NFL Contract Fight Brings Out the Weasel In Everyone
At the top of this latest post, I must give full disclosure: I am pro-union and pro-NFL players. I was a member of the Newspaper Guild for years. I sat on strike for seven weeks, fighting alongside my reporter colleagues for benefits like nominal raises in pay and health benefits. And without the bonding of a group, all for one, we wouldn’t have gotten dick from a management that desired to reap more of profit margin at the expense of their hardworking employees.
[SIGNUP]I’m also not naïve enough to believe that the NFL Players Association is actually a union in the sense of that word. They are a collection more than a union, bonded together by the life-threatening activity they engage in and on that basis, they believe they deserve a bigger piece of the owners’ pie. And I agree.
I understand that playing football isn’t an inherent right. It is a choice. Players make a choice to make a living in a sport that breaks up bodies and requires more physical activity in a week than most of us see in a lifetime. But that shouldn’t make us look at these players in a lesser light. NFL players are warriors who put hearts, minds and health on the chopping block every Sunday.
For the layperson who’s not reading the sports pages or listening to the talk radio show, here’s a quick synopsis of what’s going on in the NFL right now:
1. There currently is no collective bargaining agreement.
2. The players believe that they should be getting more of the league’s total revenue—a 50-50 split—while the owners say they can’t afford that because they are already facing problems with declining revenue in the league. The players are saying if that’s the case, then let us see your financial books. The owners are saying we can’t show you our financial books, but just take our word for it, we are losing money.
3. Because there is no collective bargaining agreement, the NFL owners have locked out their employees, have shut down all league business, and hence are not paying their players in hopes that this kind of financial pressure will force the players to sign an agreement on terms favorable to the owners.
4. The NFL players have de-certified and broken up their union, the NFLPA in order to make an anti-trust lawsuit more viable.
5. The NFL players have also gone to court to ask a judge to issue an injunction against the lockout, which would allow players to go back to work and league business to continue under the old mandates of the last collective bargaining agreement until both sides could negotiate a new agreement.
6. The NFL Players Association, subsequently, is putting pressure on the prospective picks in this year’s NFL draft (who will eventually be members of the NFLPA union) not to participate in the televised and ballyhooed draft because all that TV production does is make the league look good.
It’s all enough to make you throw up.
We have federal anti-trust laws based in the economic history of this country and the industrial revolution that we all read about in our high school textbooks. The federal anti-trust laws were meant to avoid price-fixing among big corporations. Technically, everything you see in sports is a violation of anti-trust: salary caps, trades, age-restriction rules, the draft. You would never be able to do business this way in ANY other business. But sports gets anti-trust exemptions because of the proliferation of collective bargaining. The theory is if both sides agree in good faith on certain bargaining provisions, then no one is getting screwed. With no collective bargaining, and in this case, no players union, the NFL is clearly violating federal anti-trust laws. There can be no other outcome, if this thing goes to court, that the players will win. That’s why, in my opinion, this issue will be settled soon.

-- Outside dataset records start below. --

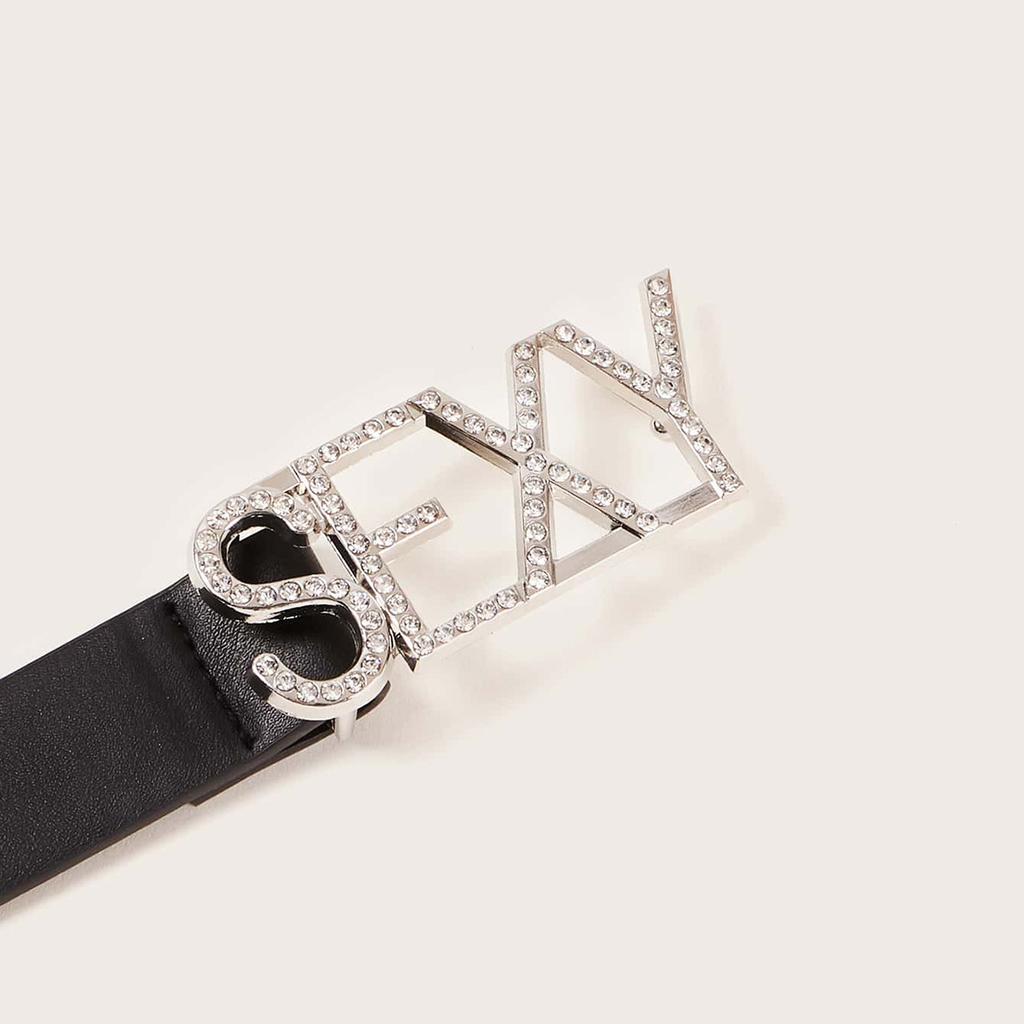 New Diamond-set Letters Sexy Diamond Buckle Simple Snap Button Fashionable Belt PU Women's European and American Fashion Belt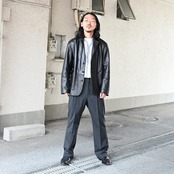 レザージャケット、グーチレーヨンストライプロングスリーブシャツデッドストック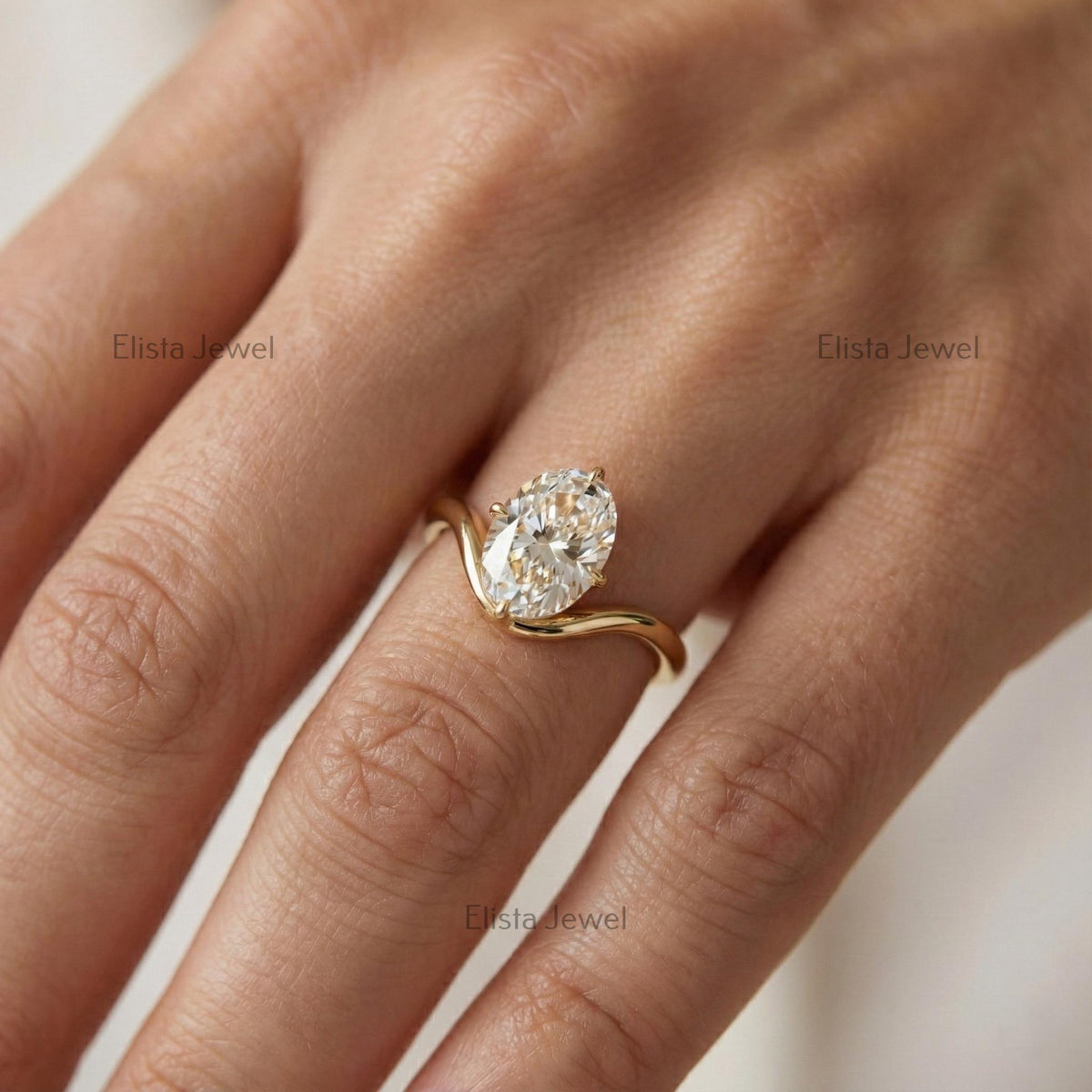 Oval Lab-Grown Diamond Engagement Ring, 14K Yellow Gold Wave Band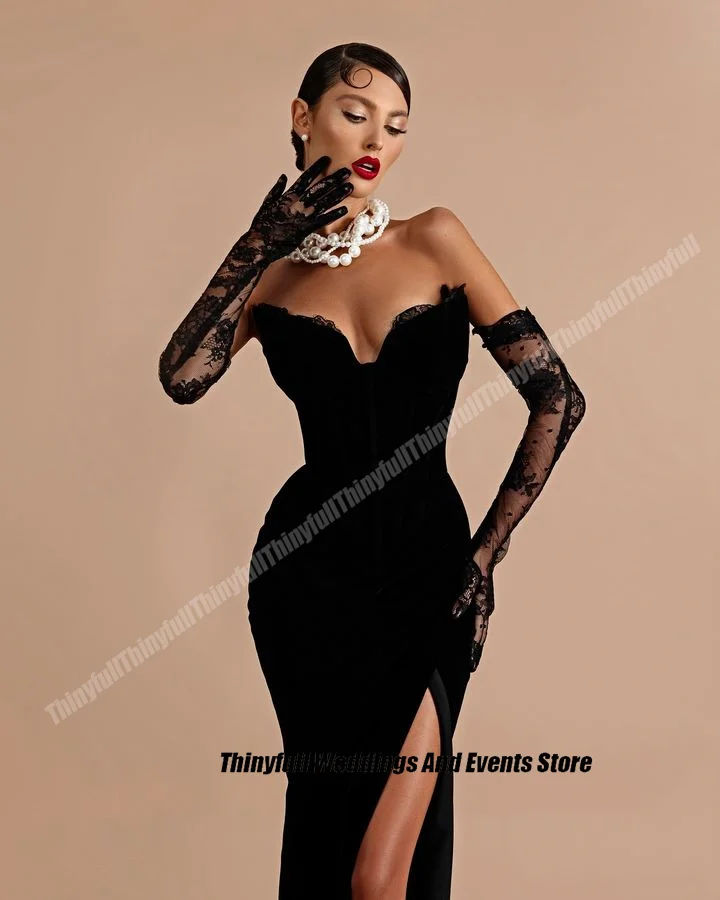 Thinyfull Mermaid Black Evening Party Gowns Sweetheart Sleeveless Velvet Prom Dresses Split Formal Occasion Dress Customized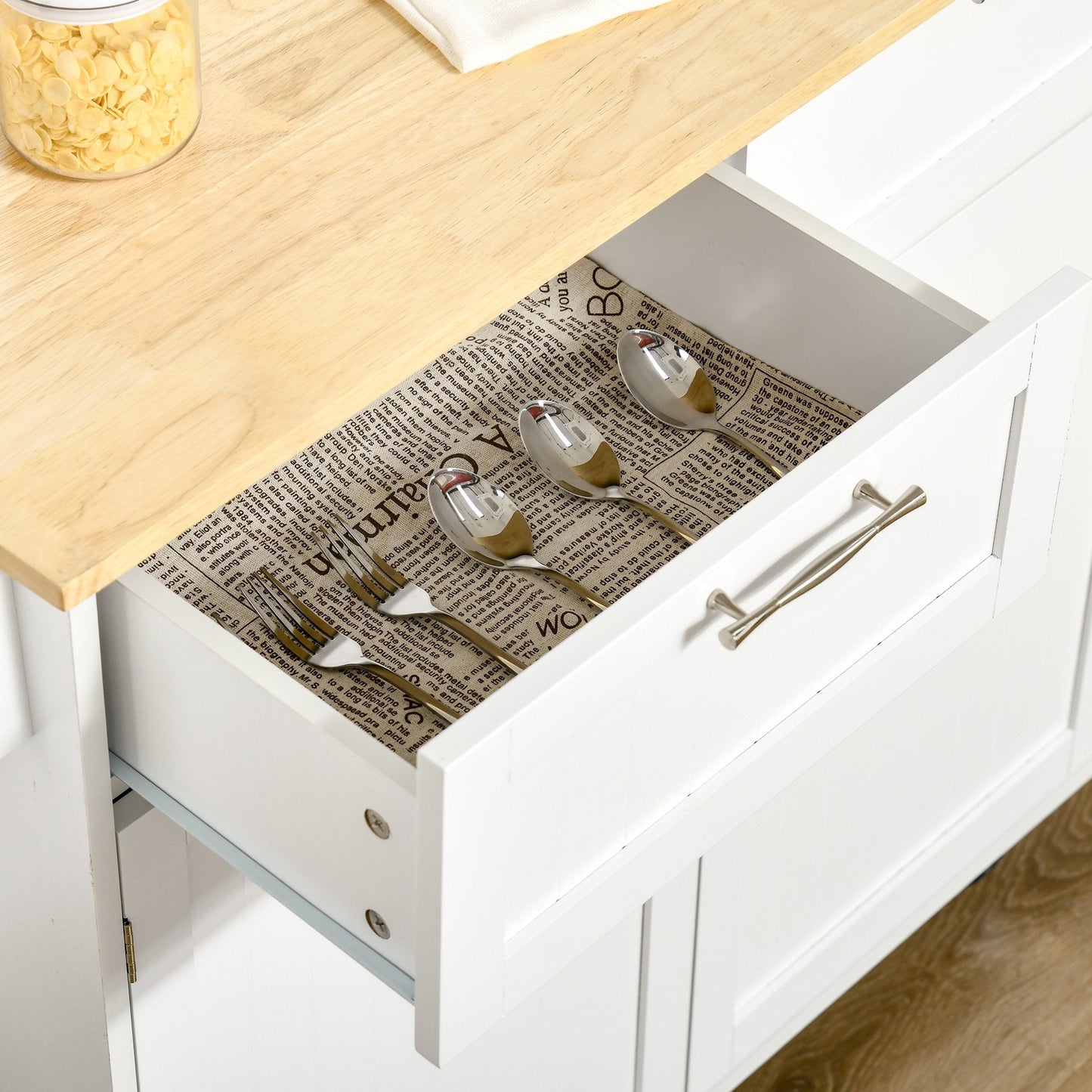 Modern Rolling Kitchen Island Storage Cart Utility Trolley with Rubberwood Top Two Drawers-White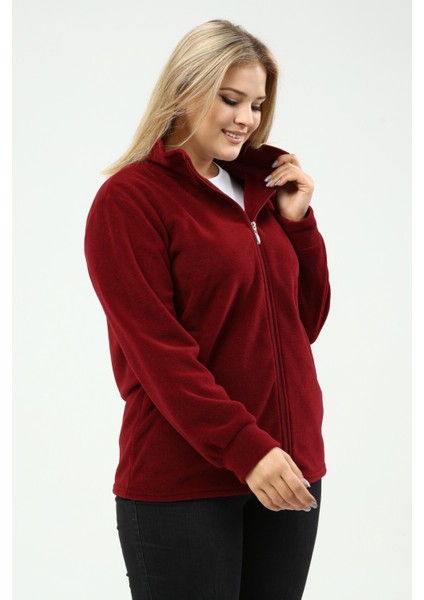 Unisex Kışlık Polar Hırka Bordo Fermuarlı Kışlık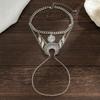 Braccialetto con catena in metallo con nappa a foglia di piuma vintage per donne e ragazze, bracciale punk bohemien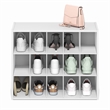 Furinno FANO 15-Cube Stackable Shoe Rack for Closet Entryway White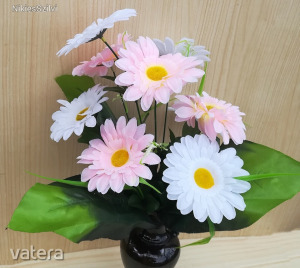 Rózsaszín-fehér gerbera művirág csokor 8 szálas KÉSZLETEN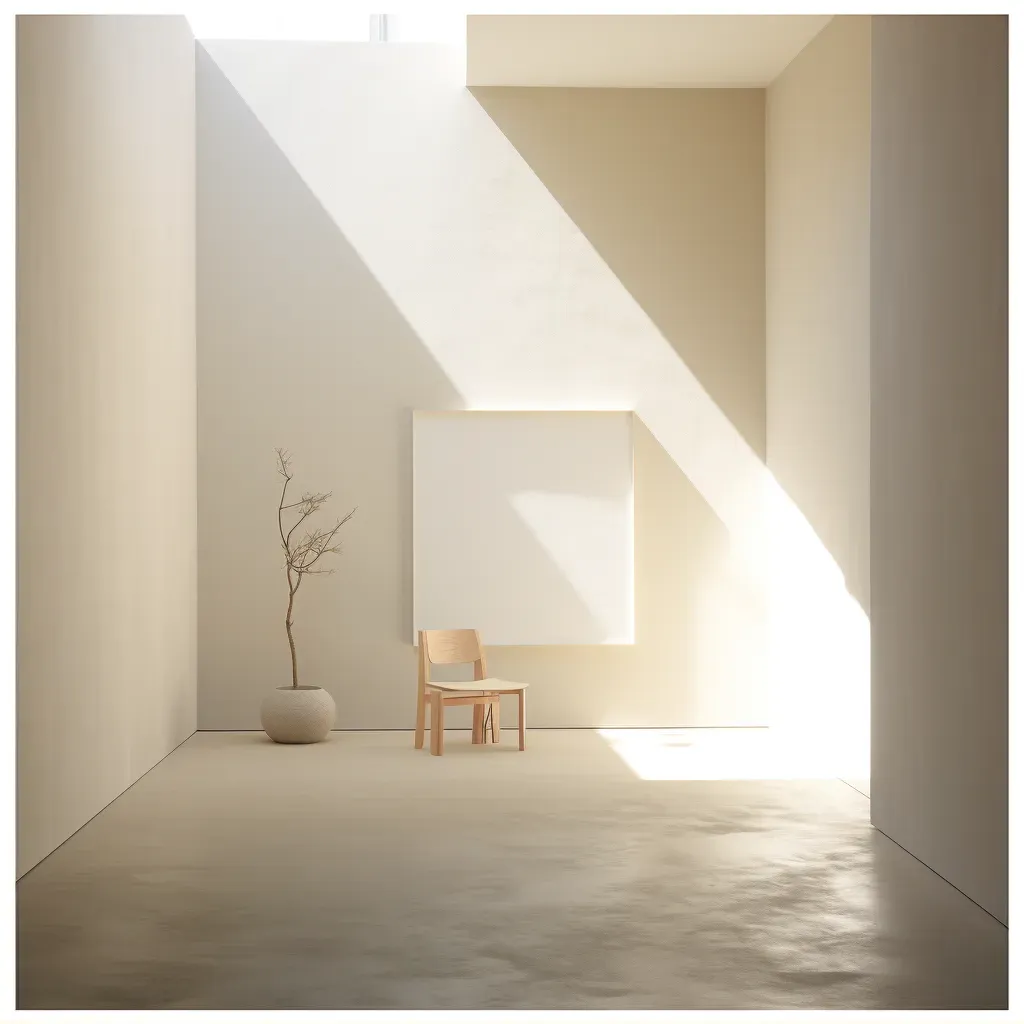 Quiet meditation room with minimalist design and soft morning sunlight - Image 1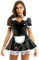 TSSOE Dienstmädchen Kostüm Lack Und Leder Damen Sexy Puffärmel Minikleid Glitzer Sissy Kleid Mit Schürze Zimmermädchen Maid Cosplay Uniform Schwarz A XL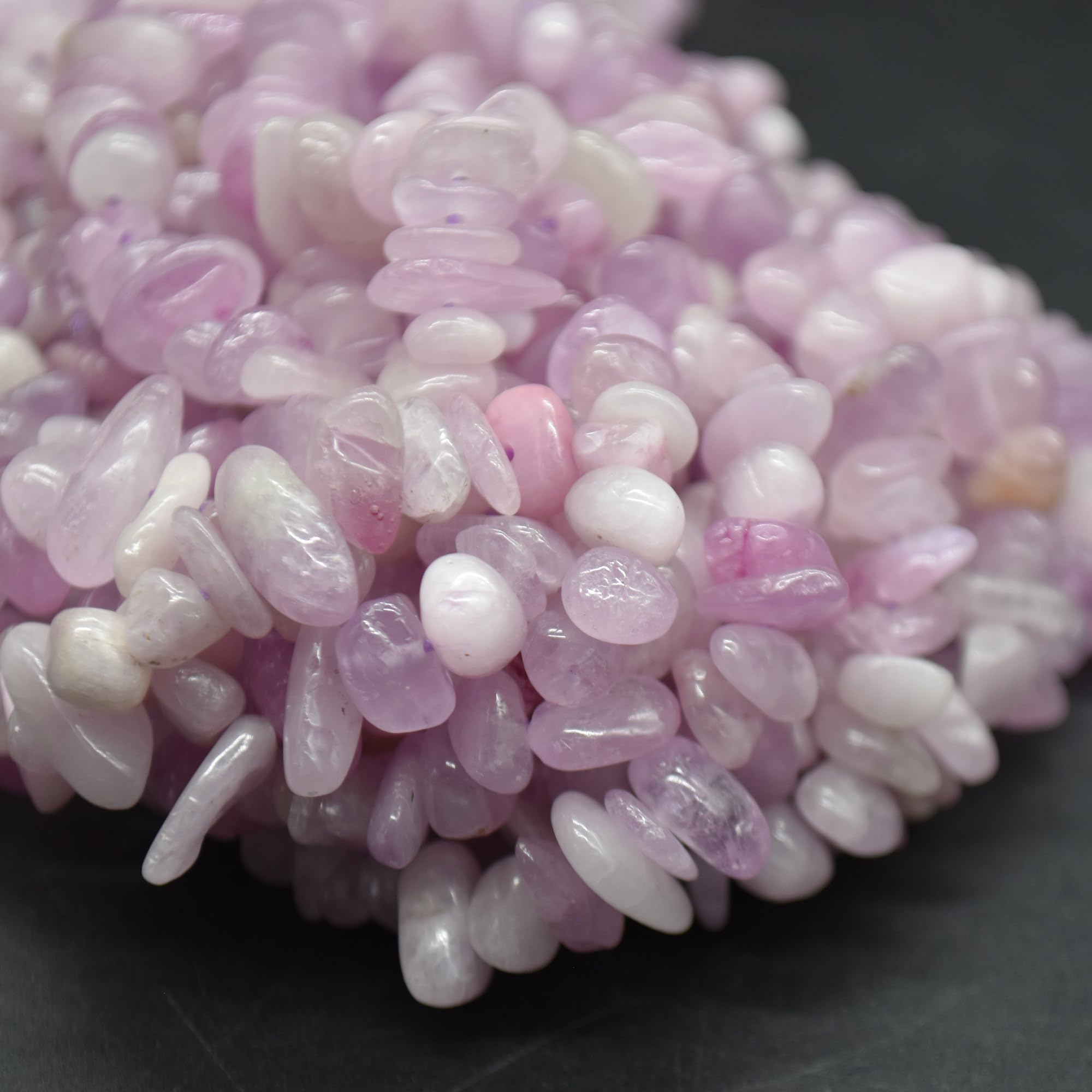 Grade A Natural Kunzite Semi-Precious Gemstone Chips Nuggets - 5mm - 8mm, 36" Strand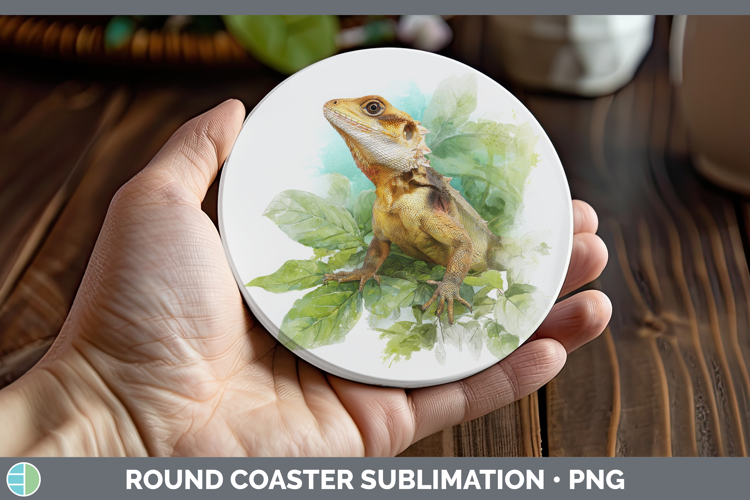 Frilled Lizards Round Coaster Sublimation Design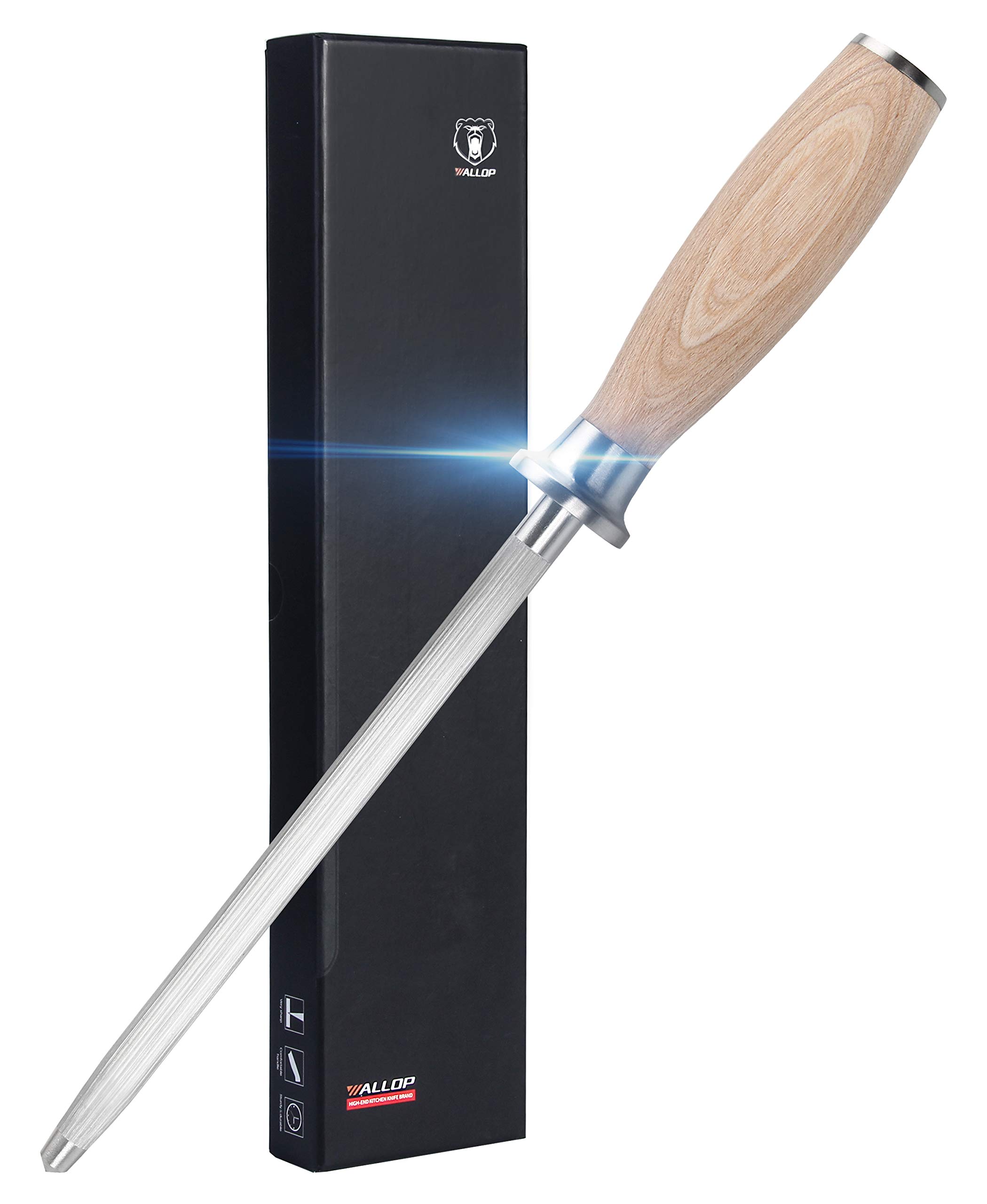 WALLOPHoning Steel - Kitchen Knife Sharpener Rod 8 inch - German HC Stainless Steel Honing Steel for Honing Chef Knife Blades - Natural Pakkawood Handle with Gift Box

Now, so far as the fans go, we are mere victims of rich people trying to divvy up big cash. I have to laugh at the statements issued by NFL commissioner Roger Goodell and several of the league owners, including the Eagles’ Jeffrey Lurie and Joe Banner, about how much they “care” about the fans.
The other day, Goodell issued a statement that the NFLPA walked away from a deal “that offered compromise and would have insured the well-being of our players and guaranteed the long term future for the fans of the great game we all love so much. It was a deal where everyone would prosper.” Says you.
Banner, meanwhile, sent a letter to Eagles season-ticket holders that read: “We want you to know our focus is on preparation for the 2011 season, and we are going to continue to do everything we can to strengthen our football team. We will be ready to take advantage of all opportunities within league rules to help reach our ultimate goal …. Regardless of what transpires throughout this off-season, our commitment to winning a Super Bowl remains the number one priority throughout our entire organization. We are also committed to keeping an open line of communication with you and our entire fan base throughout these labor discussions. We plan on hosting several events throughout the off-season that our fans can enjoy.”
Ya see, they really, really care about you! If I were a cynic, I would say something like, if you really cared about the fans, you could do the most fundamental of things to prove that such as not charging full price to see preseason games, but that’s just me thinking out loud.
While I have clearly expressed my support for the players’ side over the owners, I have to say that it is pretty much a weasel move for the NFLPA to apply pressure on the prospective draftees not to enjoy their moment in the sun. We all know that the players union will sell these rookies down the river faster than Andy Reid can throw a challenge flag. The FIRST concession the players will make to the owners is to have a rookie wage scale.
Can’t anybody be a straight shooter anymore?